Les Falâsifa (philosophes) représentent une autre école de rationalisme, qui déborde le périmètre théologique. Ils poursuivent une démarche encyclopédique, visant à embrasser toutes les sphères de la connaissance. En faisant prévaloir l’argument de raison sur l’argument d’autorité, même lorsque ce dernier s’appuie sur une révélation, les Falâsifa explorent les extrêmes limites de l’humanisme dans le cadre monothéiste.
Mu’tazila et Falâsifa verront se lever contre eux un courant conformiste de plus en plus puissant. Gardiens de la tradition, juristes et théologiens vont s’acharner, chacun dans sa discipline, à anéantir la notion de libre-arbitre. Ils soutiennent tous que le Coran est « incréé », qu’il appartient à un archétype transcendantal, préexistant à la Création et programmant à l’avance l’ensemble du Dessein divin. La Parole de Dieu ne participe donc pas de la Création, mais du Créateur Lui-même. L’essentiel pour les croyants est donc de s’en remettre à elle, de s’en imprégner, de se pénétrer de sa nature divine. La notion d’imprescriptibilité du texte coranique s’impose, dans cette approche, comme l’évidence même.
Les crises, politiques et militaires, qui secoueront bientôt le monde musulman, tendront à favoriser le succès croissant de cette approche, jusqu’à son triomphe final à la fin du XIIe siècle.
Pour retrouver l’inspiration des Mu’tazila et des Falâsifa, il faudra attendre la fin du XIXe siècle. Le contexte historique est alors fondamentalement différent. L’islam ne vit plus en vase clos, mais dans un monde où l’Europe étale partout sa supériorité économique, militaire et intellectuelle. Elle a instrumentalisé la pensée des Lumières au service de ses projets coloniaux, mais cette pensée va être mise à profit par le colonisé lui-même, qui se l’approprie pour forger, pas à pas, les instruments de sa propre libération.

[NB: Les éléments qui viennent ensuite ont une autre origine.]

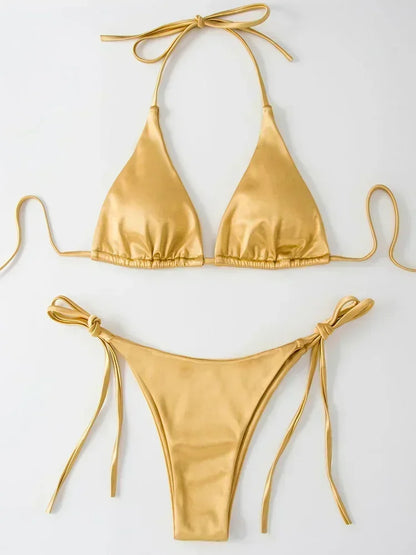 Wrap Around Halter Metallic Satin Bikini Women Swimwear Female Swimsuit Two-pieces Bikini Set Brazilian Bathing Suit Swim Lady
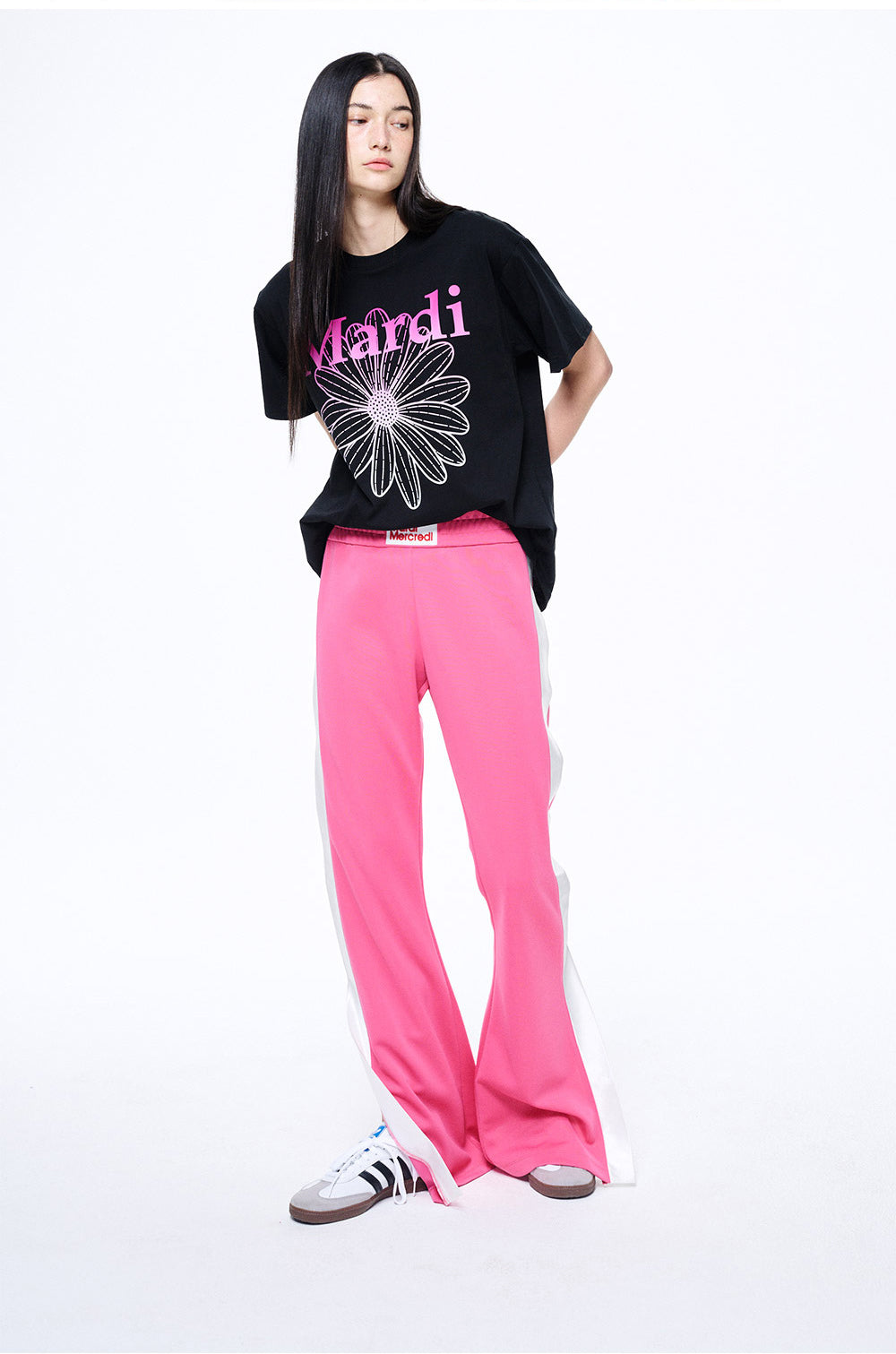 MARDI MERCREDI -  TSHIRT FLOWERMARDI GRADATION_BLACK PINK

« Apparaît une élite intellectuelle sécularisée, qui assume le couple conceptuel fondateur de la modernité : reconnaissance de l’autonomie de l’ici-bas par rapport à l’au-delà, et affirmation de l’autonomie de l’individu par rapport à la communauté traditionnelle. »
« Le croyant commence à intégrer l’idée que, si Dieu gouverne le royaume de l’esprit, il n’intervient pas dans le monde des choses. Celui-ci est soumis à des lois propres, objectives, nécessaires, qui peuvent être saisies par la raison humaine, à condition qu’elle épouse une nouvelle notion du temps – un temps qui ne se conçoit plus comme une nébuleuse d’instants, soumis au caprice divin, mais comme une trajectoire linéaire, continue, irréversible, où les causes viennent avant les effets et où les mêmes causes produisent les mêmes effets. »
« Le croyant, qui devient un individu de plus en plus conscient de lui-même et responsable de ses propres choix, commence à régler sa conduite spirituelle et morale sur ce que lui dicte sa propre conscience, éclairée par la Parole de Dieu. Par contre, il doit apprendre à penser le monde des choses sans recourir à cette Parole, par la seule maîtrise du principe de causalité. Il commence à naviguer, au quotidien, entre l’éternité et le temps, la Loi de Dieu et les lois de la nature, l’absolu et l’incertain. »
C’est en faisant face à cette dimension nouvelle de l’existence que certains des esprits les plus brillants, et les plus courageux, de l’élite sécularisée vont s’efforcer de rendre à la pensée musulmane sa liberté d’interprétation du texte coranique.
Sans remettre en cause la source divine de la Révélation, ils se sont efforcés de penser l’historicité de sa manifestation terrestre. À l’aide des disciplines modernes de l’anthropologie, de la sémiotique, de la philologie, ils ont étudié les implications existentielles, les connotations psychologiques et esthétiques, que les versets coraniques pouvaient revêtir pour les contemporains du Prophète, dans l’Arabie du VIIe siècle. Ainsi se donnaient-ils, pas à pas, les moyens de distinguer la signification originelle des versets coraniques de leurs significations possibles en d’autres temps et d’autres lieux.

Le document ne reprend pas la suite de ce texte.